To compromise the defensive structure in a team already lacking attacking structure has had predictable consequences. Performances from United this season have been worse than at any stage since relegation in 1973-74. The last manager before Solskjaer to last so long and win nothing was Dave Sexton, who was dismissed in 1981.
And that is an indictment of a board increasingly characterized by inertia. By failing to act, it has missed out on Mauricio Pochettino, Tuchel and, perhaps most unforgivably of all, Antonio Conte. Had it acted three weeks ago, he could be at Old Trafford rather than Tottenham now. Scattered reports of United interest in Zidane, Pochettino, Brenden Rodgers and Erik ten Hag all make clear what had been building for weeks, as Solskjaer wobbled and was judged from match to match, with each one seeming like an audition: there is—and has been—no long-term plan.

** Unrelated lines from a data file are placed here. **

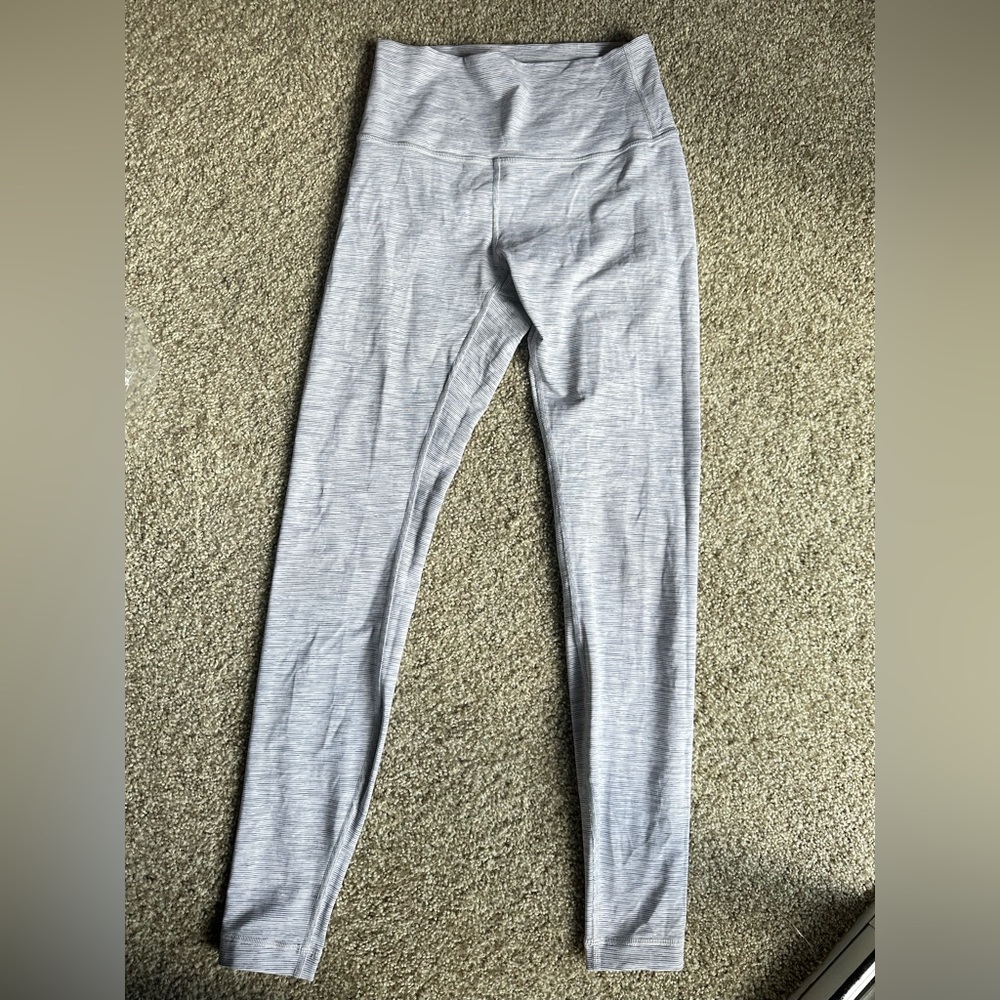 Lululemon Wunder under leggings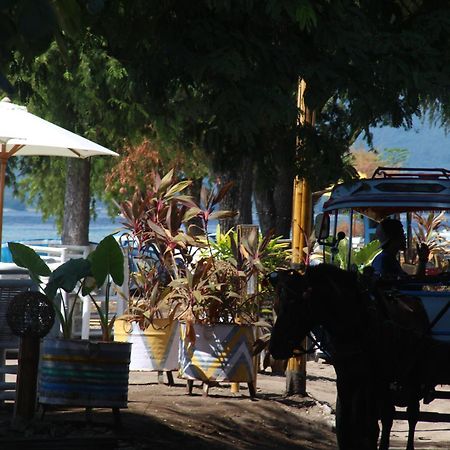 Star Bar And Bungalows Gili Air Ngoại thất bức ảnh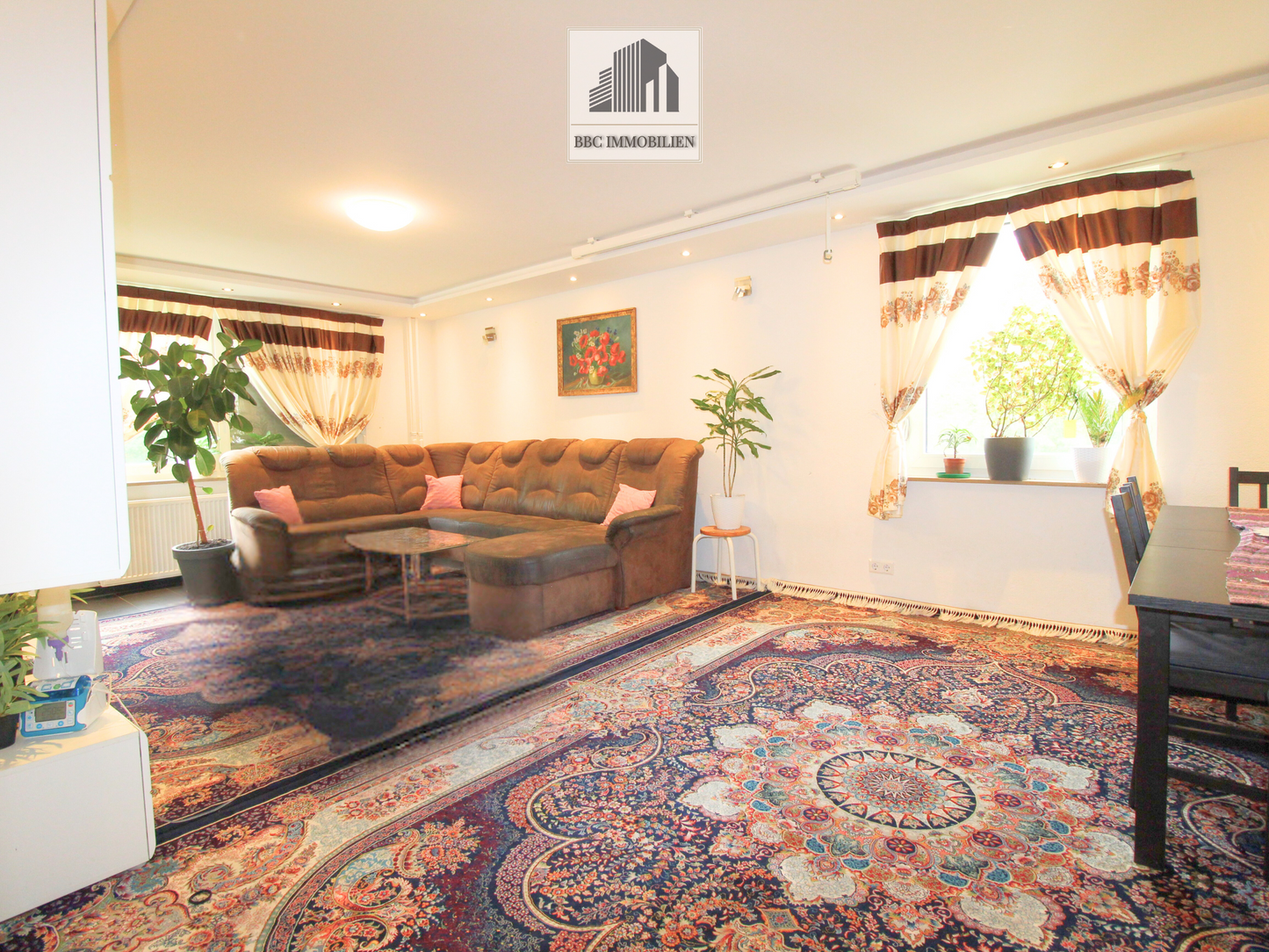 Exklusive 4,5-Zimmer-Wohnung in Reutlingen – modern saniert mit Garage und Keller!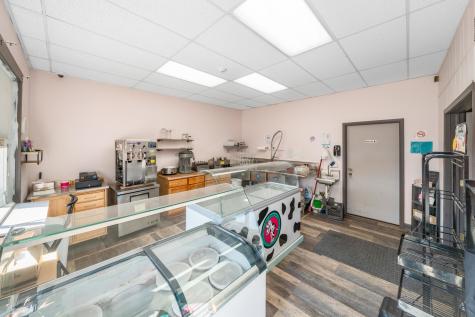 207 W Si Johnson Street Sheridan IL 60551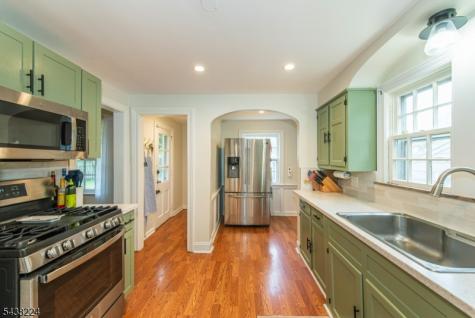 77 Forest Hill Road West Orange NJ 07052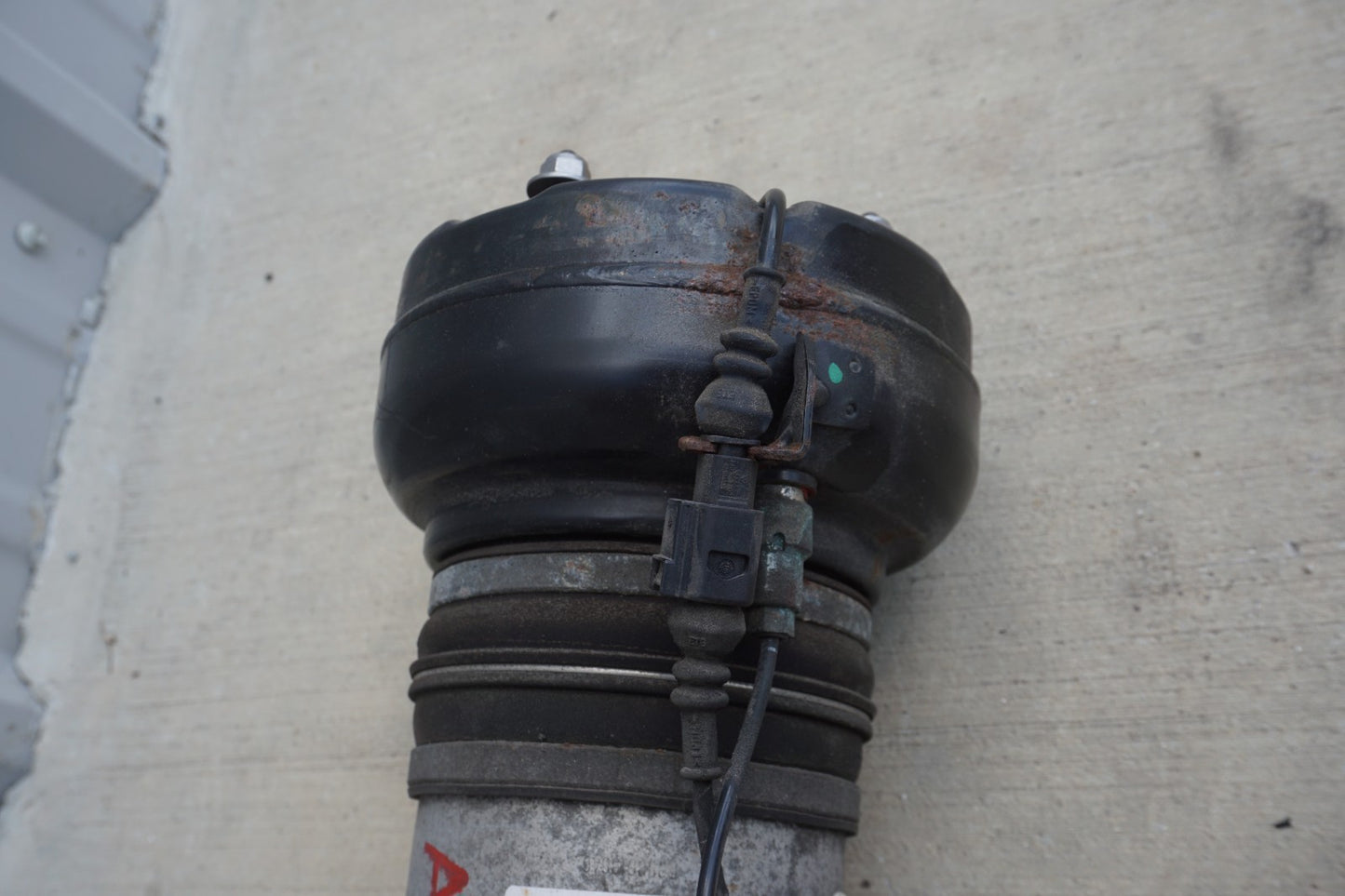 2011 - 2018 Audi A8 S8 Awd Rear Left Air Shock Strut OEM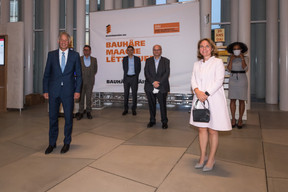 Pierre Hurt (directeur de l’OAI), Corinne Cahen (Ministre à la Grande Région) et Sala Makumbundu (Christian Bauer & Associés Architectes) ((Photo: Nader Ghavami/Maison Moderne))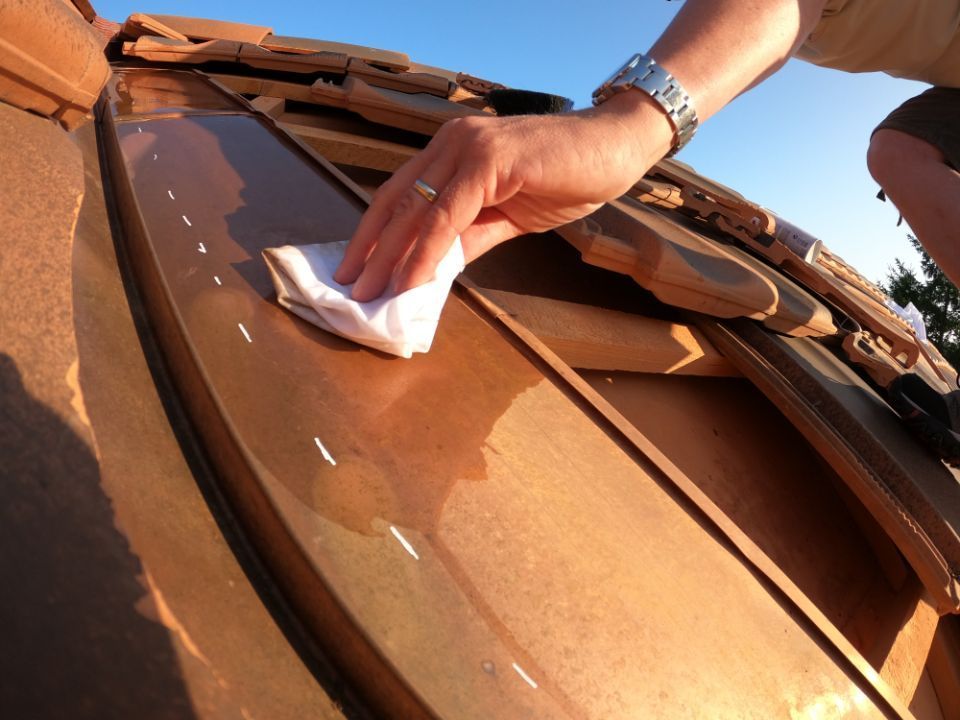 Marderschutz von der HTR PROTECT GmbH wird gereinigt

United's regretful statement of Solskjaer's departure read like a club that desperately wanted him to be the answer, and now it's left scrambling for another one, again.
United, which has installed Michael Carrick on an interim basis while it searches for both another interim manager to see out the season and then a long-term solution, now faces an awkward way forward. It is a rich club with a huge fanbase and great expectations. But it has always been a difficult club to manage—only three managers have ever won the league there—and this squad, unbalanced and downtrodden despite the investment that's gone into building it, combined with a board that blunders from one crisis of its own making to the next, means there is a massive rebuilding job to be done.